According to Shea, the city partners with Tomahawk Security Solutions for three trainings  per year and they are aiming to increase that to four.

Michael Biller is the president, as well as one of the co-founders, of Tomahawk Security Solutions, an eclectic group of former military, police and special operations forces personnel.

His resume includes 13 years with special ops, leading combat missions in Iraq and other worldwide battlefields.

He noted the time and preparation it takes for the company to create lifelike active shooter environments so that police departments and other first responders gain the most experience and knowledge on how to respond and eliminate the threat.

“These typically take us 12 plus weeks to plan because what we like to do is gain from the city, in regards to the patrol force response, to really work [inaudible] rescue task force concepts in conjunction with paramedics and fire departments,” Biller explained.

“The way that we plan these is based around how the city is postured at the time, and then we come in early and work with the location personnel so that we can test and evaluate their security policy and procedures, so that they benefit from this as well.”

Shea was quick to note after Biller’s remarks that the city pays for the training because they want to make sure that no one misses real-life training due to a tight budget.

“St. Peters provided their teachers (as actors) and their location, but we pay for the training. The reason we hire a vendor is because we’ve studied training all around the country and the best possible training is when you have an outside company come in with their expertise to prepare a training that you’re not ready for,” Shea added.

He emphasized that the company goes to great lengths to keep those participating in the drill unaware of what they will encounter.

“All of our officers and all of the St. Peter’s security, they don’t know what’s going to happen once the drill begins. All of our patrol officers just get a 911 call to respond to this address. It’s made as realistic as possible. We’ve done training before, but when you do scripted training you don’t make the mistakes that you’d like to make in training, and not in real life. When you make the training really like real life, that’s when you find those errors and able to fix them.”

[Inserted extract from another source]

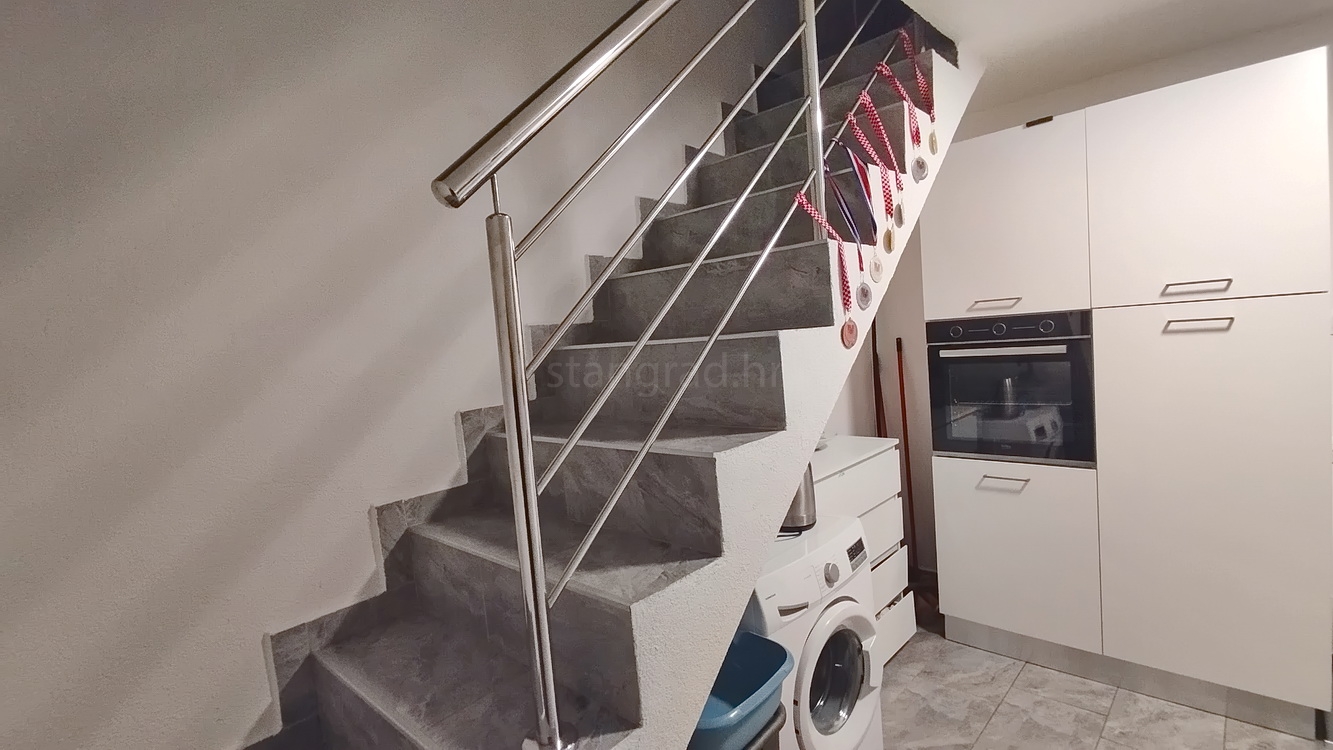 3 bedroom apartment in Novi Vinodolski, Croatia – 103571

He didn’t specify the amount of money that the city pays a vendor like Tomahawk, but noted that some of those expenses are offset by a state initiative, the Urban Areas Security Initiative, which receives grants from the U.S. Department of Homeland Security.

More than 50 actors sacrificed their Saturday afternoon to participate in the drill, some of them parents of students who attend the school.

One parent, Billie West, was visibly covered with blood and a gunshot wound, thanks to the expert work of a special effects makeup artist, said it was important for her to participate.

“This was scary, and I knew it wasn’t real. I can just imagine how other people in real-life shootings felt and reacted to it. It just seems so surreal. I don’t know what I would do,” West stated.